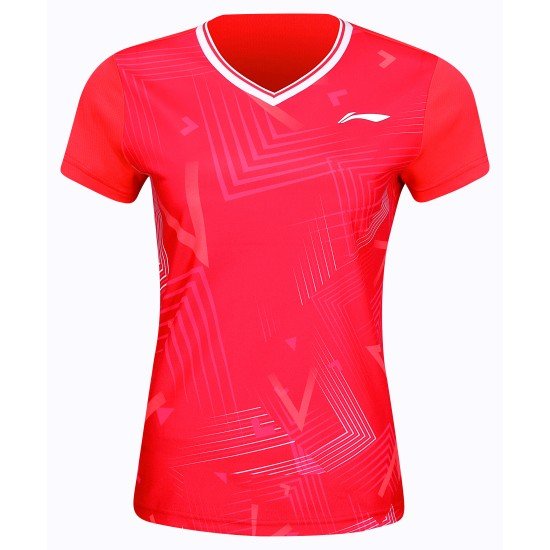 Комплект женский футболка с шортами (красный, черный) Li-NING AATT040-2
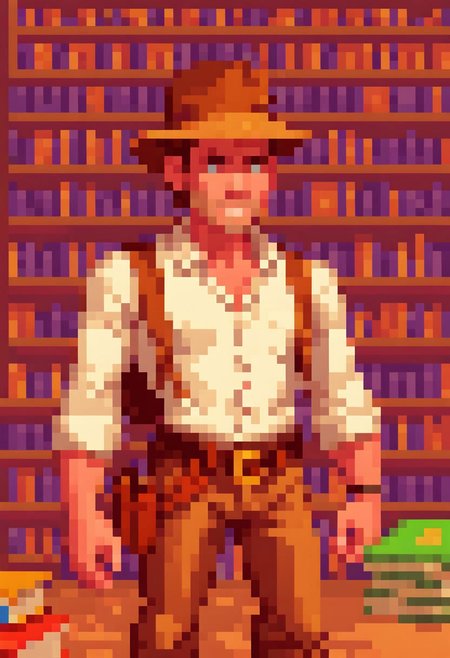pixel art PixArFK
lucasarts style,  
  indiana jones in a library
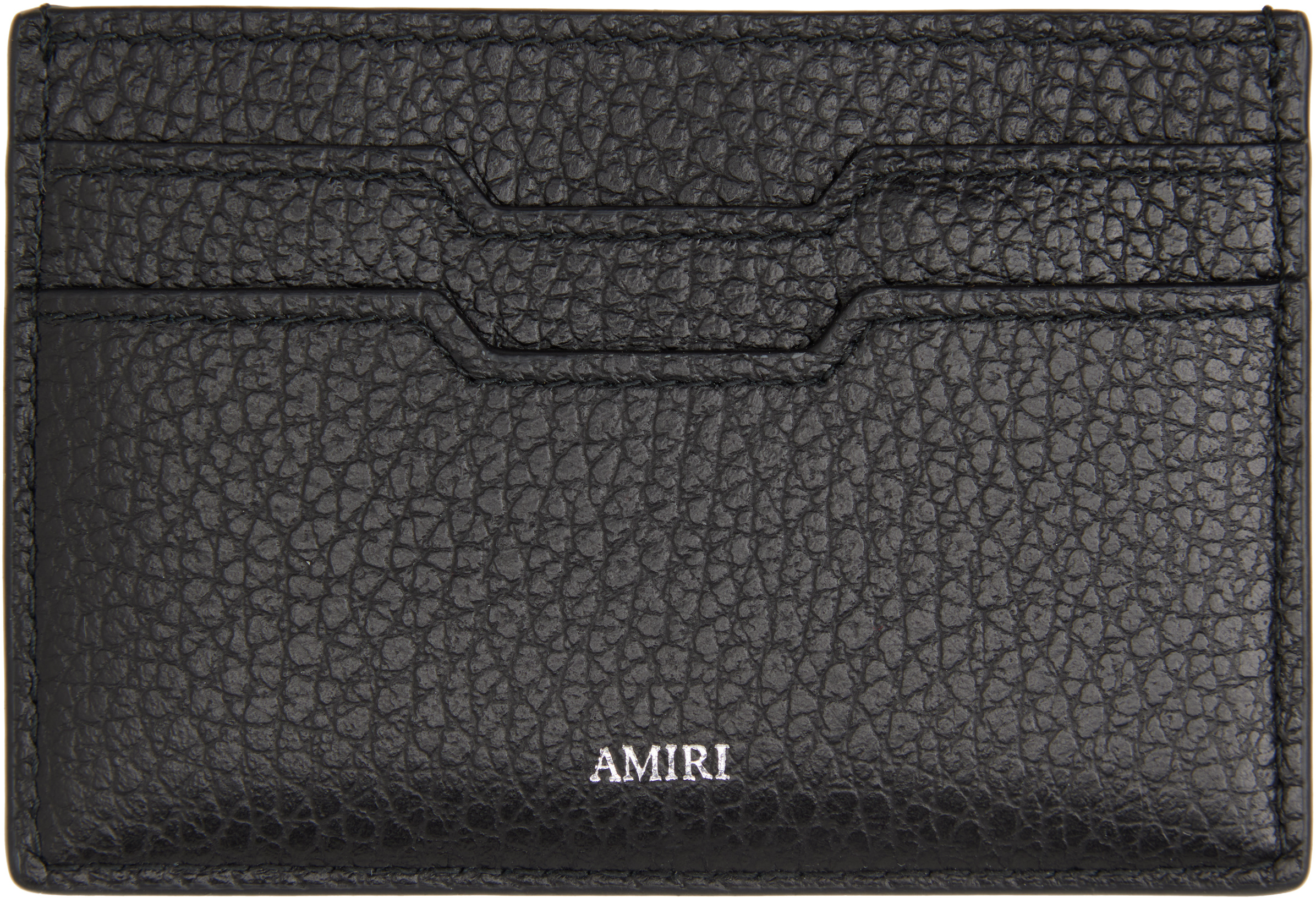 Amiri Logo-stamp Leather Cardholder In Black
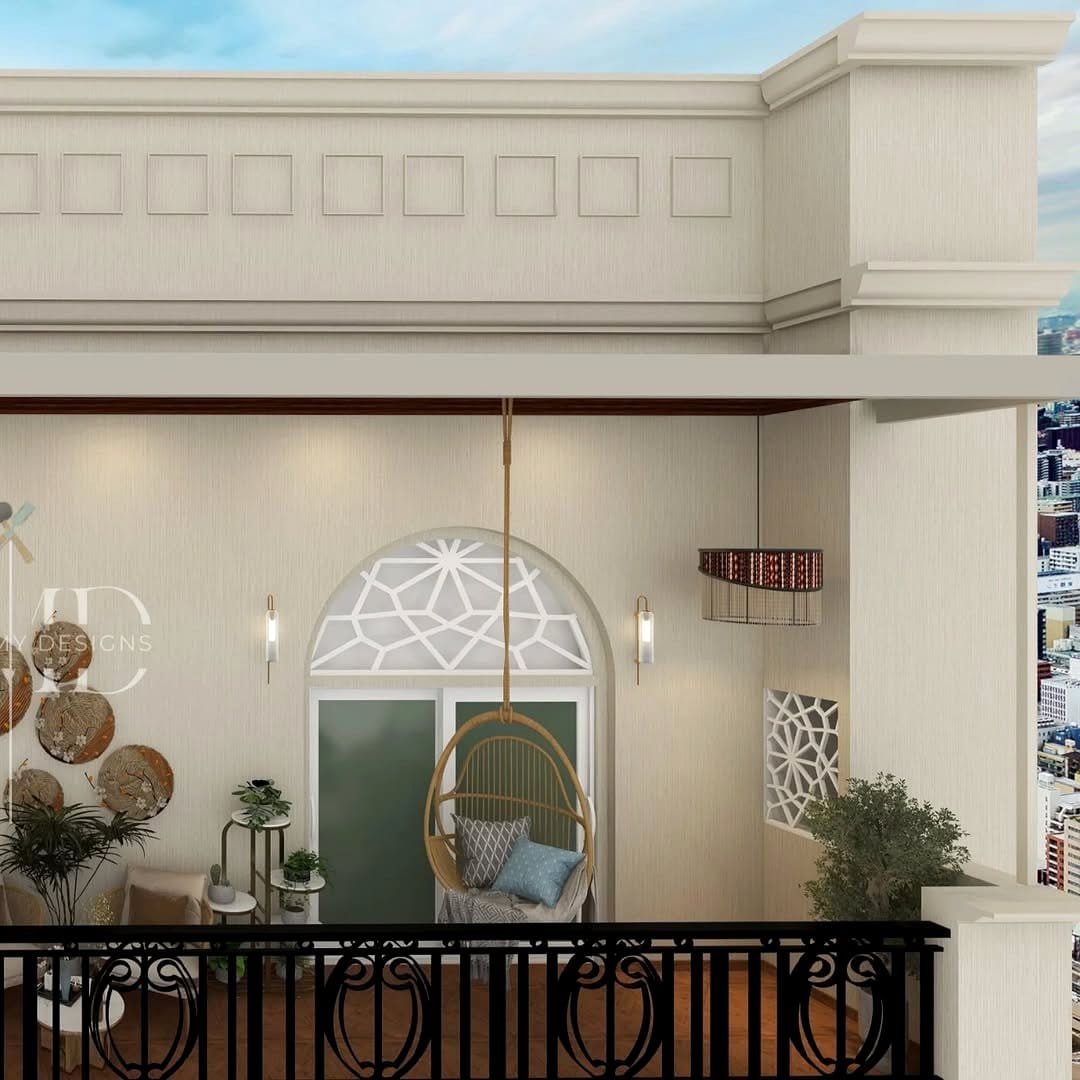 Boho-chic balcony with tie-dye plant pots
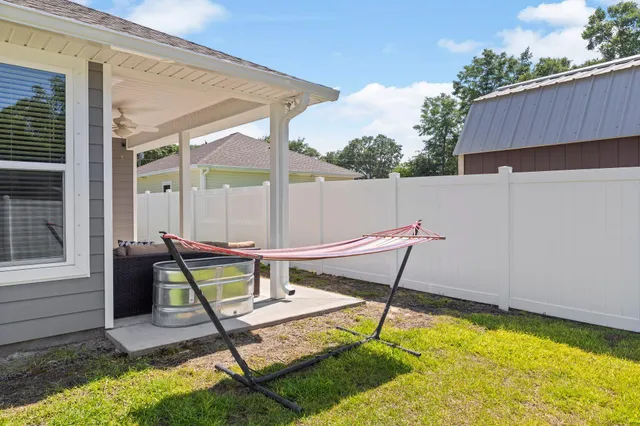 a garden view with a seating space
• • • • •
PROBLEM: Do not include pictures. Copy only the lines running from the line with "Amiri Logo-stamp Leather Cardholder In Black" through the last line of the records, exactly as they appear.

ANSWER BELOW:
 Amiri Logo-stamp Leather Cardholder In Black
 Boho-chic balcony with tie-dye plant pots
 a garden view with a seating space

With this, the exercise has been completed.